I waited for her to say something, but she just nodded at my guitar as if she was waiting for me to tune it and didn’t plan to help me one bit. I mean, except for telling me when I was doing it wrong. Like, all the time.

I frowned at her. “What? You don’t like Green Day?”

“Sure. They’re okay.” Her lips twitched in this really unattractive way, reminding me of the smirks Liz gave me when I said pretty much anything. “But trust me. You’re not ready for Green Day.”

“Well, not today. Duh.” Even though I’d been hoping. “It’s only Tuesday, so we have plenty of time. They told you I booked lessons for tomorrow and Thursday, right?”

She sighed. “I hoped that was a typo on my schedule.”

“Hey, if you can’t teach me—” I gave her the kind of pointed look I got all the time from Dad, which probably wasn’t the smartest idea, but I was beyond frustrated. “Someone else here probably wouldn’t mind.”

“Oh, I can teach you, all right. But no matter who teaches you, you won’t be playing Green Day by Friday. We’re maybe talking ‘Twinkle, Twinkle, Little Star,’ tops.”

Slapping her silly was probably out of the question. “I told you I’m willing to work. I’ll do whatever it takes to play decently on Friday, and it’s just rhythm guitar, not lead.”

“Thank God for small miracles.” Jazz took another deep breath, reminding me of Dad and all the Zen breathing he did when he was around me for more than ten minutes. “No offense, but you can’t learn guitar in a few days, at least not more than a few chords.”

Then why did Kirk act like it was so easy? “But the band already has someone who plays bass guitar.”

Jazz choked on something. “Bass isn’t easy, either.
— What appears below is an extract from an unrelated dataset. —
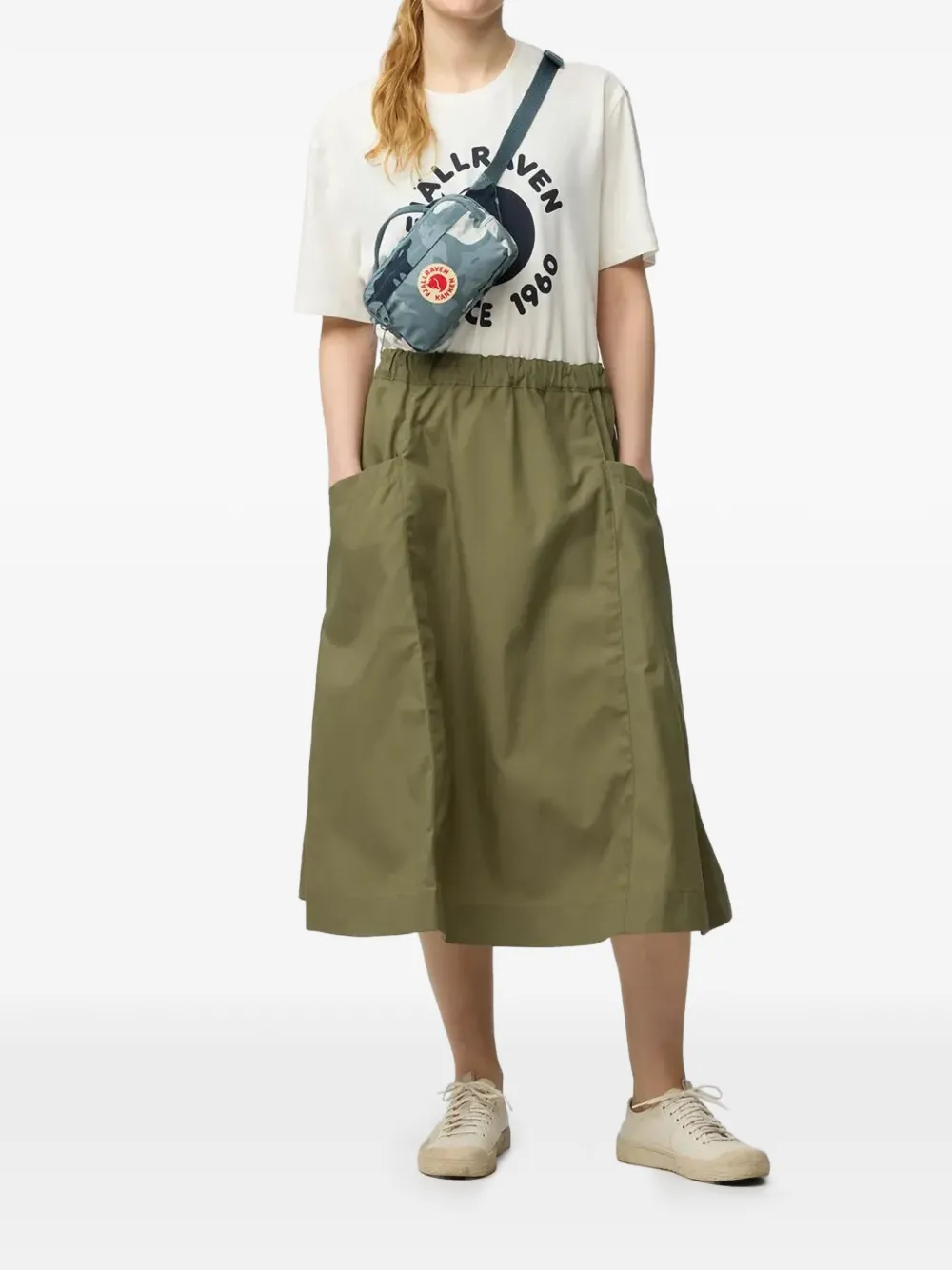 Fjällräven Kånken heuptas met camouflageprint Blauw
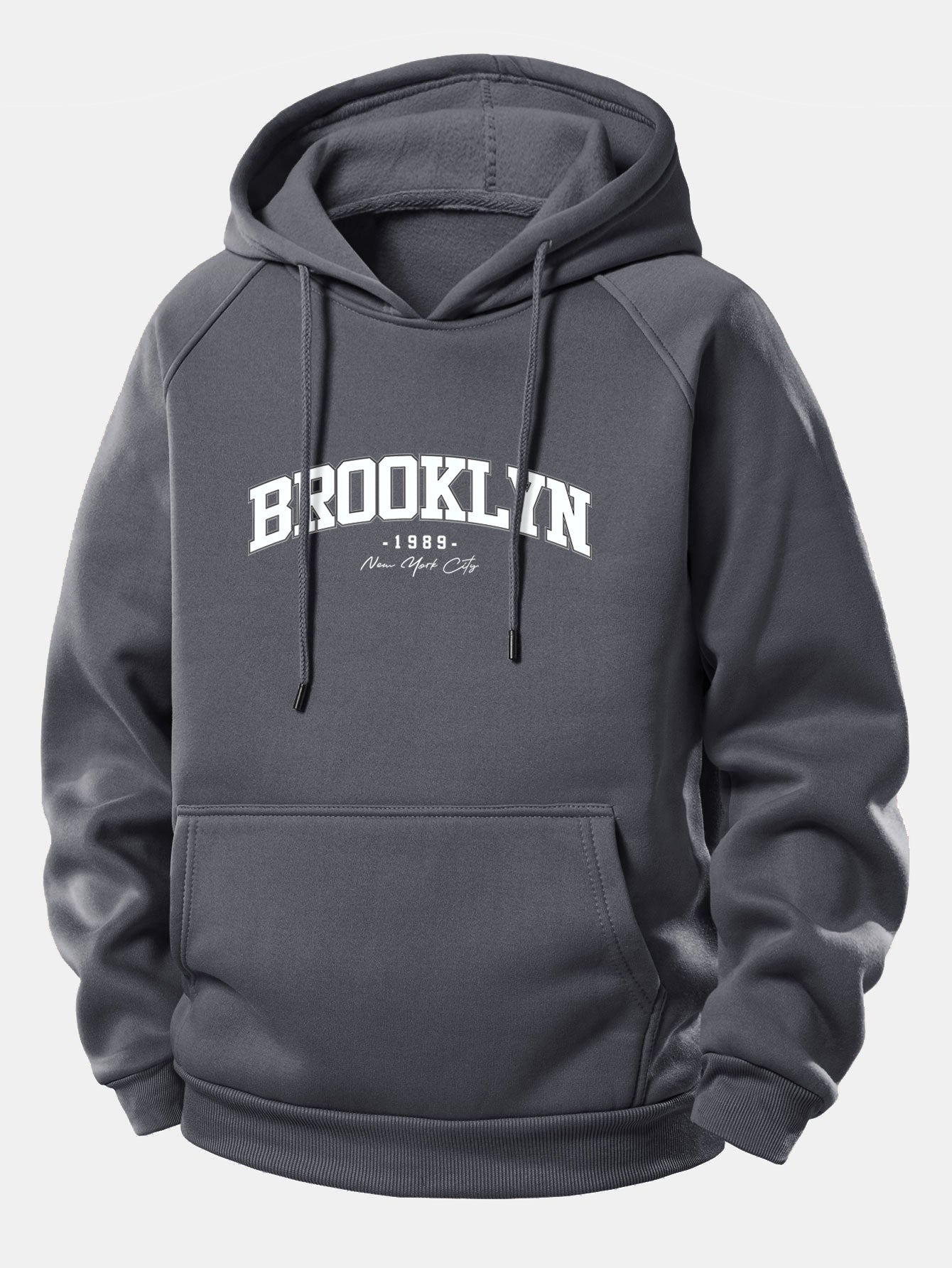 Brooklyn Print Hoodie mit Kordelzug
Not at all.”

“Hey, I’ve watched guys play bass. Four strings and they just seem to pluck at them? How much easier

Jazz held up a hand, cutting me off. “Do you want to learn guitar or not? You keep telling me about this gig on Friday.” She rolled her eyes, the jerk. “But all you’re doing is talking, when you’re supposed to be learning to tune a guitar. I swear we’re spending half of your lesson talking.”

“You say that like it’s my fault. I asked you to cut the boring stuff and just tune my guitar for me. Then we can get to the music already.”

“Mistake.” Shaking her head, she grabbed my guitar and tuned it in about thirty seconds. “But you’re paying for this. We’ll try doing it your way and see how that goes.”

“Thanks. So let’s get started, okay?”

Another eye roll. “Whatever you want, Princess.”

I knew I should’ve insisted on having a guy teach me. For starters, when a guy called me “Princess,” it meant something entirely different.